Notebook 2, autumn 1885 – autumn 1886 paragraph 152

Number

A number is a nominalization and as such a distortion of reality.

Number. – The invention of the laws of numbers was made on the basis of the error, dominant even from the earliest times, that there are identical things (but in fact nothing is identical with anything else); at least that there are things (but there is no ‘thing’). The assumption of plurality always presupposes the existence of something that occurs more than once: but precisely here error already holds sway, here already we are fabricating beings, unities which do not exist. – Our sensations of space and time are false, for tested consistently they lead to logical contradictions. The establishment of conclusions in science always unavoidably involves us in calculating with certain false magnitudes: but because these magnitudes are at least constant, as for example are our sensations of time and space, the conclusions of science acquire a complete rigorousness and certainty in their coherence with one another; one can build on them – up to that final stage at which our erroneous basic assumptions, those constant errors, come to be incompatible with our conclusions, for example in the theory of atoms.
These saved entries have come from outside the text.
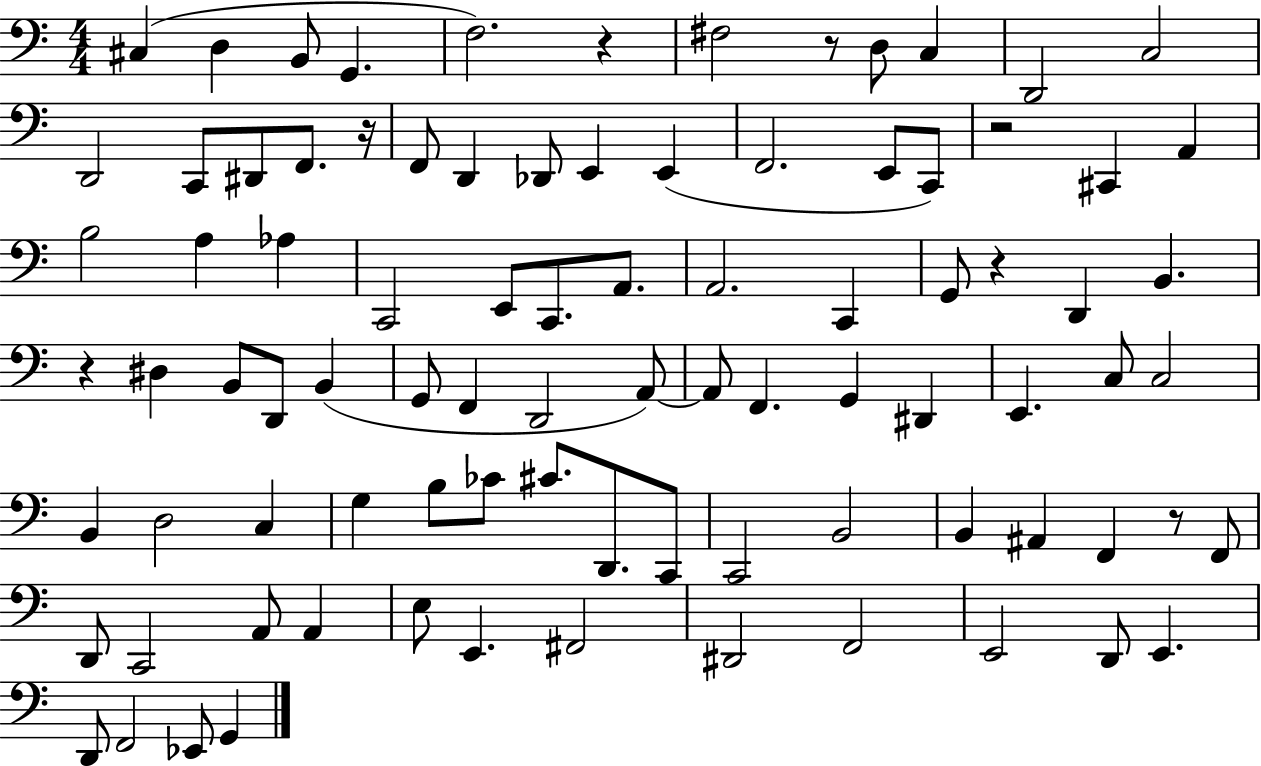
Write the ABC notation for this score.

X:1
T:Untitled
M:4/4
L:1/4
K:C
^C, D, B,,/2 G,, F,2 z ^F,2 z/2 D,/2 C, D,,2 C,2 D,,2 C,,/2 ^D,,/2 F,,/2 z/4 F,,/2 D,, _D,,/2 E,, E,, F,,2 E,,/2 C,,/2 z2 ^C,, A,, B,2 A, _A, C,,2 E,,/2 C,,/2 A,,/2 A,,2 C,, G,,/2 z D,, B,, z ^D, B,,/2 D,,/2 B,, G,,/2 F,, D,,2 A,,/2 A,,/2 F,, G,, ^D,, E,, C,/2 C,2 B,, D,2 C, G, B,/2 _C/2 ^C/2 D,,/2 C,,/2 C,,2 B,,2 B,, ^A,, F,, z/2 F,,/2 D,,/2 C,,2 A,,/2 A,, E,/2 E,, ^F,,2 ^D,,2 F,,2 E,,2 D,,/2 E,, D,,/2 F,,2 _E,,/2 G,,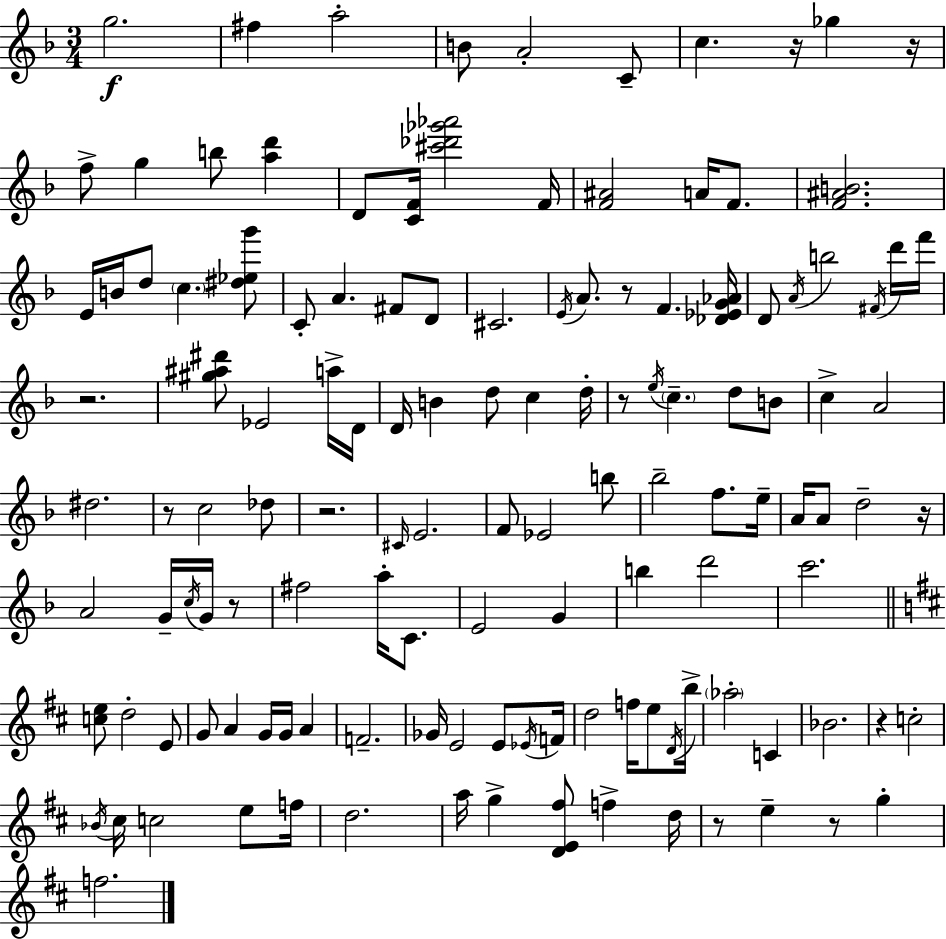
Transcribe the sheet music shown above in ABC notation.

X:1
T:Untitled
M:3/4
L:1/4
K:F
g2 ^f a2 B/2 A2 C/2 c z/4 _g z/4 f/2 g b/2 [ad'] D/2 [CF]/4 [^c'_d'_g'_a']2 F/4 [F^A]2 A/4 F/2 [F^AB]2 E/4 B/4 d/2 c [^d_eg']/2 C/2 A ^F/2 D/2 ^C2 E/4 A/2 z/2 F [_D_EG_A]/4 D/2 A/4 b2 ^F/4 d'/4 f'/4 z2 [^g^a^d']/2 _E2 a/4 D/4 D/4 B d/2 c d/4 z/2 e/4 c d/2 B/2 c A2 ^d2 z/2 c2 _d/2 z2 ^C/4 E2 F/2 _E2 b/2 _b2 f/2 e/4 A/4 A/2 d2 z/4 A2 G/4 c/4 G/4 z/2 ^f2 a/4 C/2 E2 G b d'2 c'2 [ce]/2 d2 E/2 G/2 A G/4 G/4 A F2 _G/4 E2 E/2 _E/4 F/4 d2 f/4 e/2 D/4 b/4 _a2 C _B2 z c2 _B/4 ^c/4 c2 e/2 f/4 d2 a/4 g [DE^f]/2 f d/4 z/2 e z/2 g f2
Here we continue to feel ourselves compelled to assume the existence of a ‘thing’ or material ‘substratum’ which is moved, while the whole procedure of science has pursued the task of resolving everything thing-like (material) in motions: here too our sensations divide that which moves from that which is moved, and we cannot get out of this circle because our belief in the existence of things has been tied up with our being from time immemorial. – When Kant says ‘the understanding does not draw its laws from nature, it prescribes them to nature’, this is wholly true with regard to the concept of nature which we are obliged to attach to nature (nature = world as idea, that is as error), but which is the summation of a host of errors of the understanding. – To a world which is not our idea the laws of numbers are wholly inapplicable: these are valid only in the human world.